Work task: Once the line containing "Building Photo - 255 Sunrise Dr" is found in the entries below, reproduce it and every line after it, stopping at and including the line containing "John Deere 8320R - Traktor: slika 2 John"; reproduce nothing else, and keep each line exact.

Information provided:
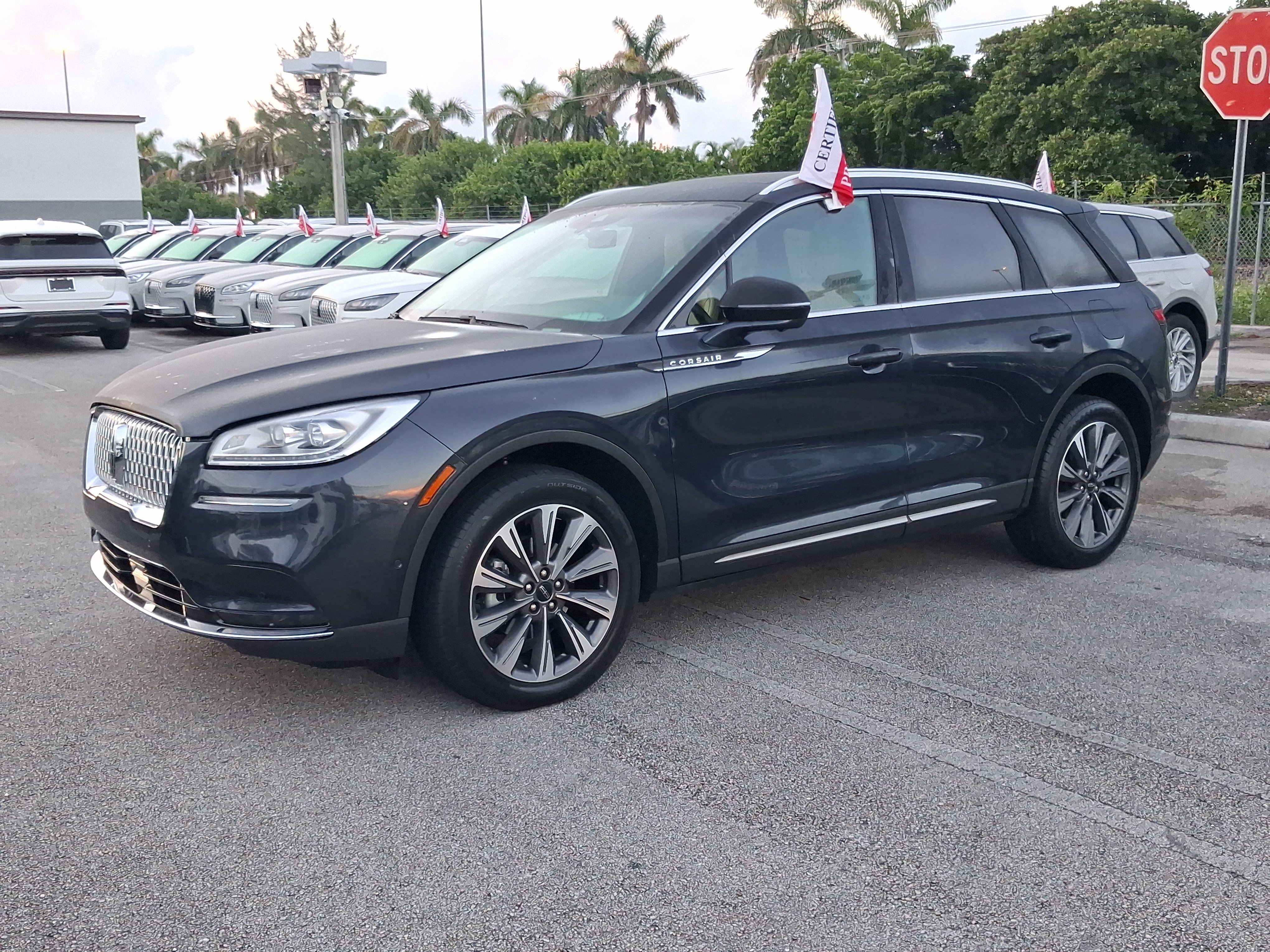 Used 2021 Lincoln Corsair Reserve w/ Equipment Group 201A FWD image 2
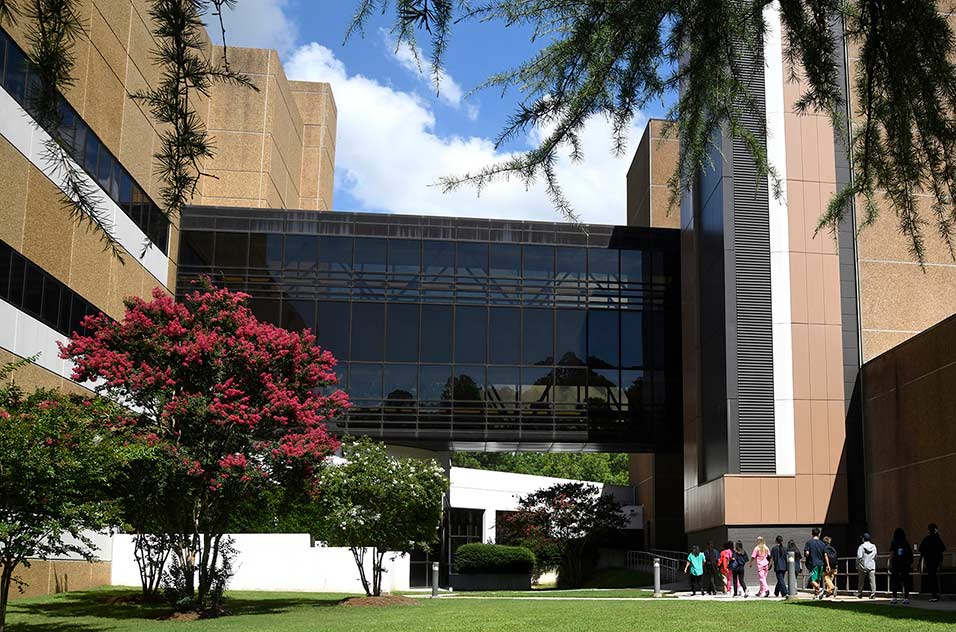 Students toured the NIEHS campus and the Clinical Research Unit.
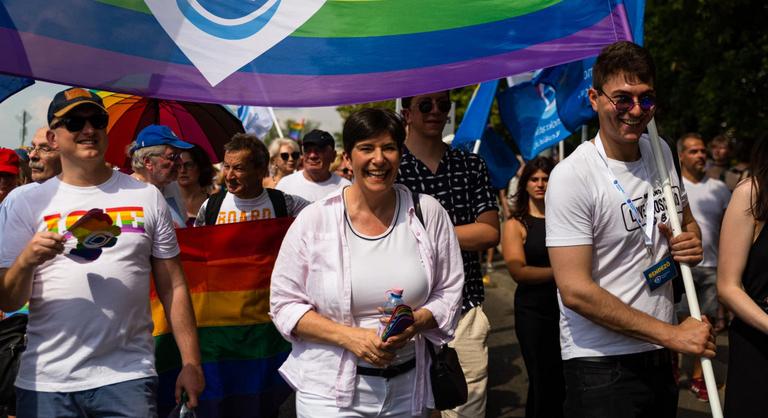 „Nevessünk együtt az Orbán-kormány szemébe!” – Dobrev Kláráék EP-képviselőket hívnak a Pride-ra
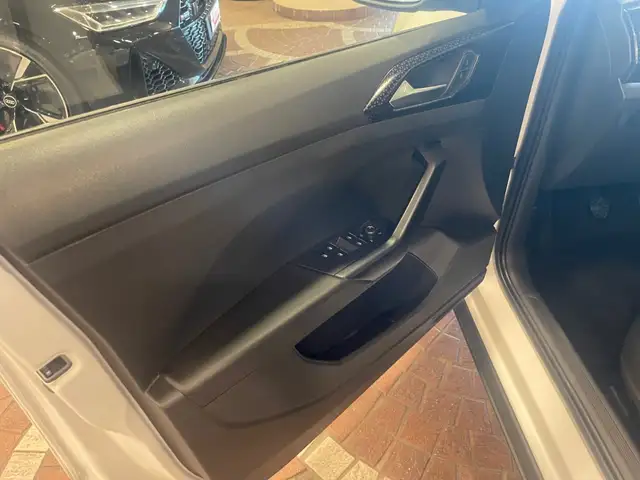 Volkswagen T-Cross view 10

==

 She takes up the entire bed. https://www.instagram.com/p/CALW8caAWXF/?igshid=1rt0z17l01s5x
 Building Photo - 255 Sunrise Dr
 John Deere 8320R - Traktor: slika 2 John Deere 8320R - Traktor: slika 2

--

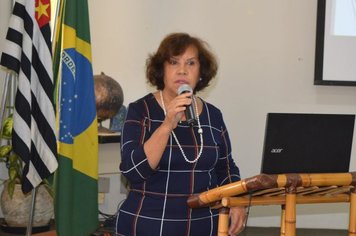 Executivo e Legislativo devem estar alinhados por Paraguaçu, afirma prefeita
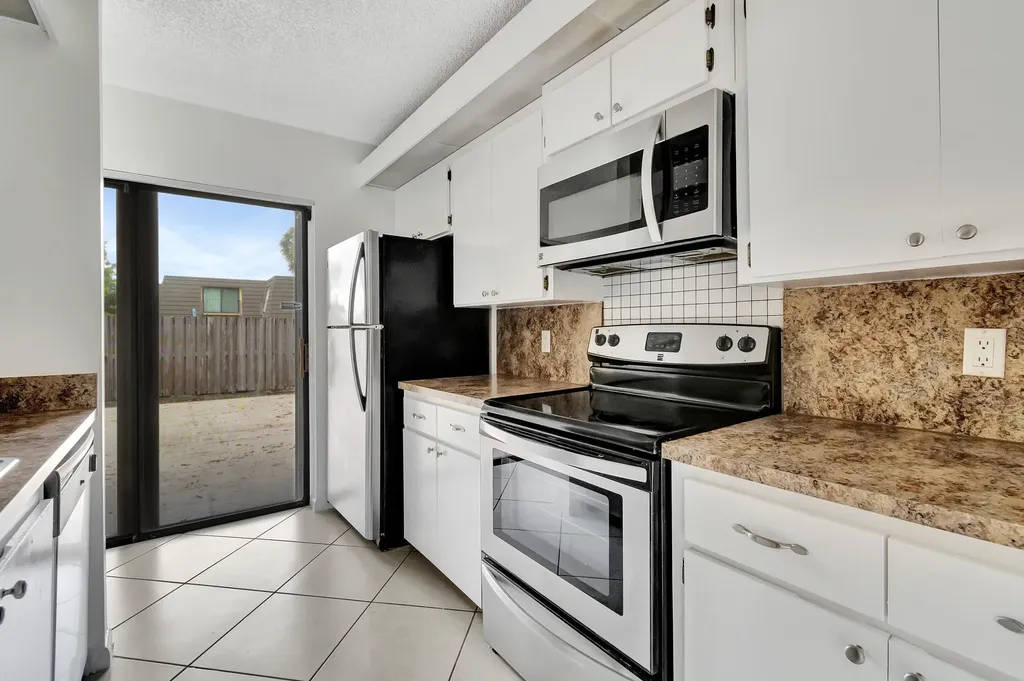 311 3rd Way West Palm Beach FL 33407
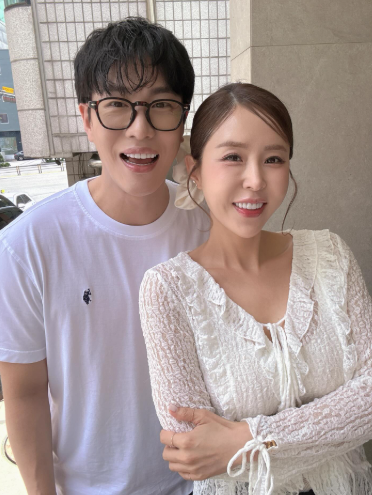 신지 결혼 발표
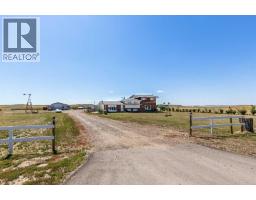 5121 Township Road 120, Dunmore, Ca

Solved problem:
 Building Photo - 255 Sunrise Dr
 John Deere 8320R - Traktor: slika 2 John Deere 8320R - Traktor: slika 2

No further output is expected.